Para Lívia Amorim, especialista em gás e energia do escritório Souto Correa Advogados, a liberalização do mercado de gás é fundamental para o sucesso da reforma do marco legal. “O sucesso do modelo de entrada e saída está relacionado, em grande medida, à existência de um número relevante de agentes trocando. Por isso, a liberalização do mercado se torna ainda mais importante”, afirmou.
Segundo o diretor da ANP José Cesário Cecchi, que tomou posse no cargo ontem, o projeto tem um potencial de judicialização “um pouco elevado”. Ele, porém, preferiu não entrar em detalhes sobre os pontos de maior controvérsia. “Não sabemos ainda o que vai ser encaminhado ao Congresso”, afirmou, após a cerimônia de posse.
Nessa linha, o presidente da Abegás, Augusto Salomon, acredita que o substitutivo vai gerar insegurança jurídica. “O mercado inteiro estava esperando um documento que ampliasse a oferta de gás, os investimentos da indústria e o aumento da capacidade de produção local. Mas foi apresentado um documento que vai gerar quebra de contratos, risco de investimentos e insegurança jurídica”.
Já o diretor do Centro Brasileiro de Infraestrutura (CBIE), o economista Adriano Pires, disse que, com o projeto, o Brasil perde a terceira oportunidade de atrair investimentos e criar um mercado de gás robusto. “A primeira oportunidade perdida foi em 1997 com a Lei 9.478, a da abertura do mercado de petróleo, que tratou o gás como se fosse gasolina ou diesel e não como uma fonte primária de energia. A segunda foi em 2009, quando, no segundo governo Lula, se aprovou a Lei do Gás, que acabou por promover um maior intervencionismo e aumento do poder de monopólio da Petrobras, causando grande decepção no mercado”.

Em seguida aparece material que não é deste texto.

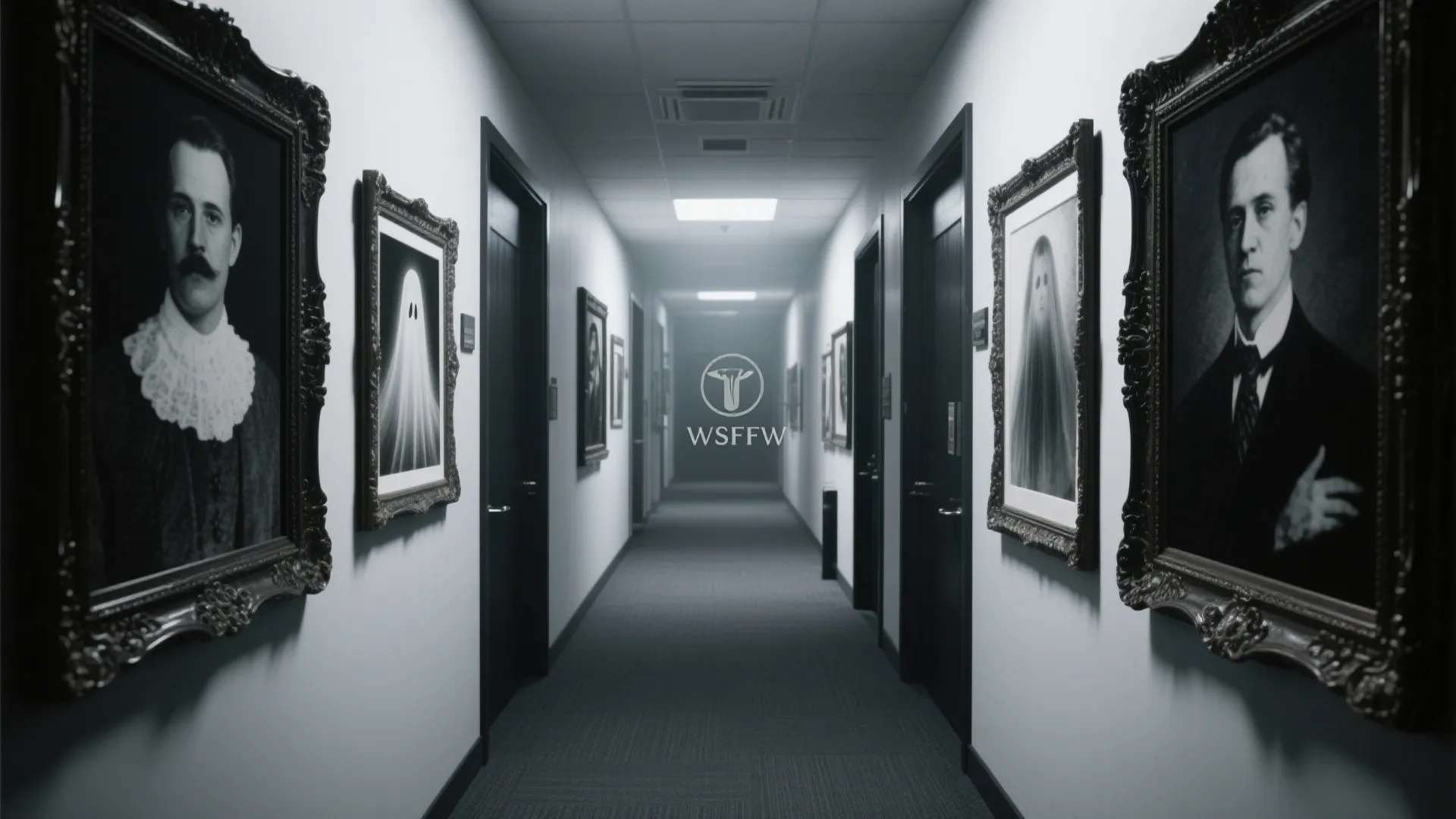 3. Gothic Gallery Wall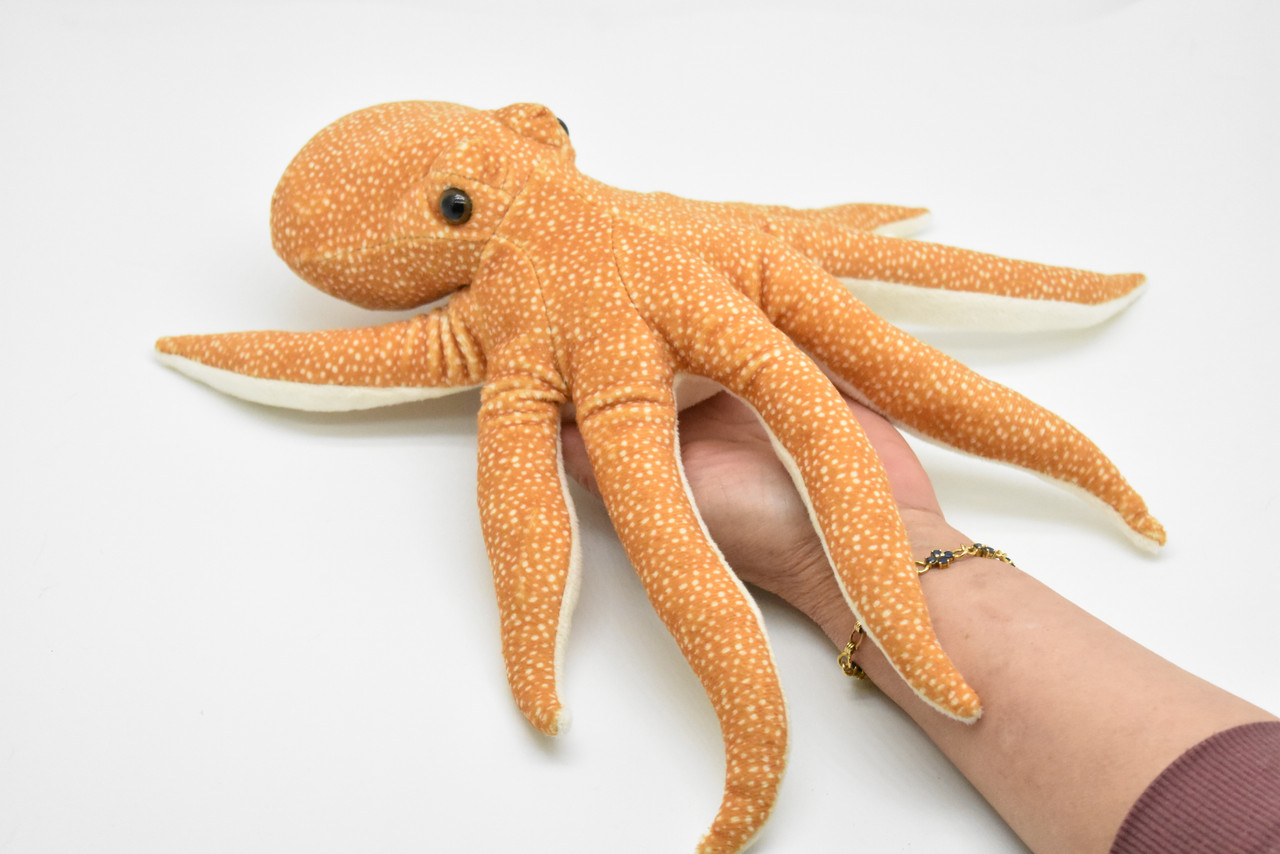 Octopus, Realistic, Lifelike, Stuffed, Ocean, Beach, Soft, Toy, Educational, Animal, Kids, Gift, Very nice plush Animal     12"    ~    F4500 BB52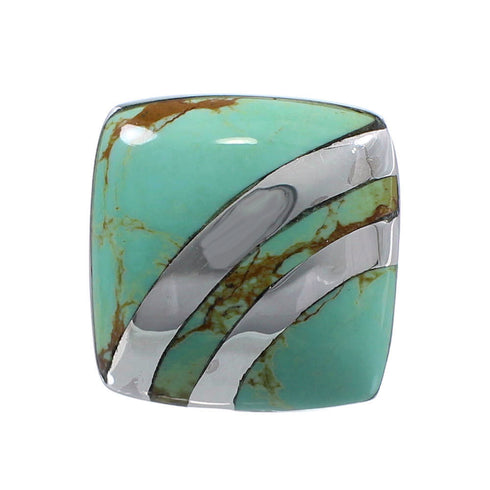 Genuine Sterling Silver Southwest Turquoise Ring Size 4-3/4 BW64340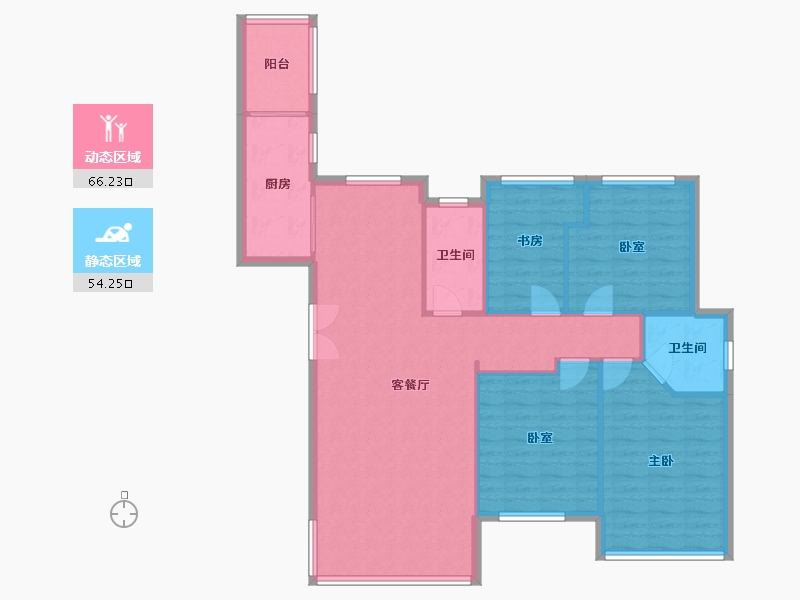 湖南省-常德市-华电新城-110.30-户型库-动静分区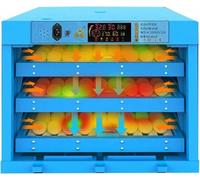 GFXYQPDNV Incubatrice digitale per uova da 192 con rotazione automatica delle uova e temperatura per cova di pollo, anatra, oca, quaglia, uccelli, tacchino, allevamento di uova, incubatoio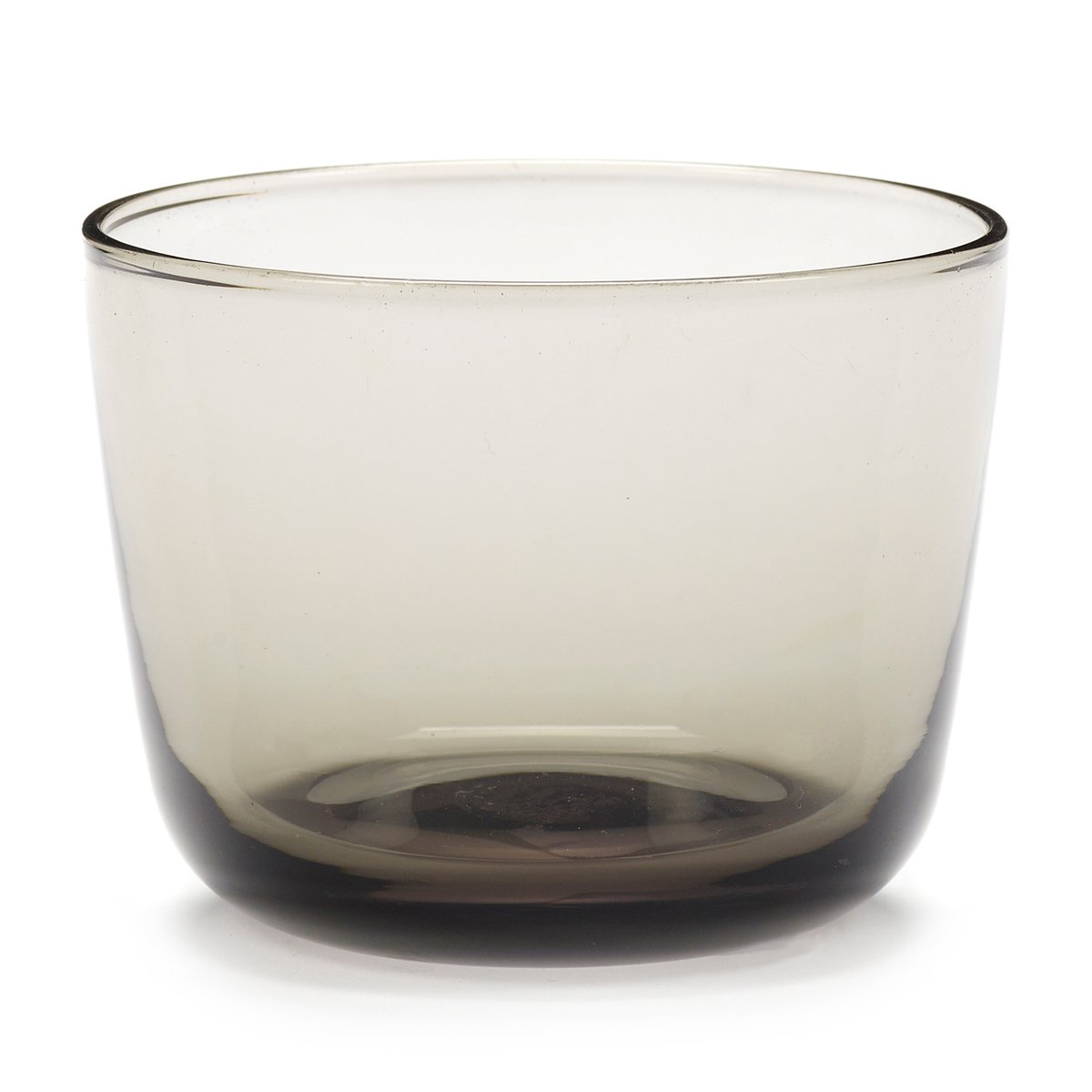 Serax Cena niedriges Glas Ø 8,5 cm Smokey Grey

As partes envolvidas terão cerca de uma semana para tentar um acordo. Os agentes poderão enviar contribuições para o projeto até quarta-feira. A partir dessa data, serão analisadas as sugestões e a versão final do projeto será levada a votação na Comissão de Minas e Energia da Câmara de Deputados. Se passar na comissão, a medida será encaminhada ao plenário e, caso seja aprovada, ao Senado. Por fim, passará pela sanção presidencial. A meta do governo é ter o novo marco legal em vigor até o fim do primeiro semestre de 2018.
A perspectiva do secretário de Petróleo, Gás Natural e Combustíveis Renováveis do MME, Márcio Félix, era que cerca de 90% dos pontos convergentes que saíram do trabalho “Gás para Crescer” estariam presentes no texto substitutivo. Em ocasiões anteriores, o secretário explicou que o governo optou por implementar a reforma do setor dessa forma por já haver o substitutivo em elaboração na Câmara, sendo desnecessário começar um projeto da estaca zero.
Segundo uma fonte do mercado, contudo, com essa estratégia o governo também visa reduzir o desgaste político com descontentamentos ocasionados pela medida. “Como ainda há conflitos [com relação ao projeto], eles [governo] não quiseram colocar nas costas do governo o custo político”, disse.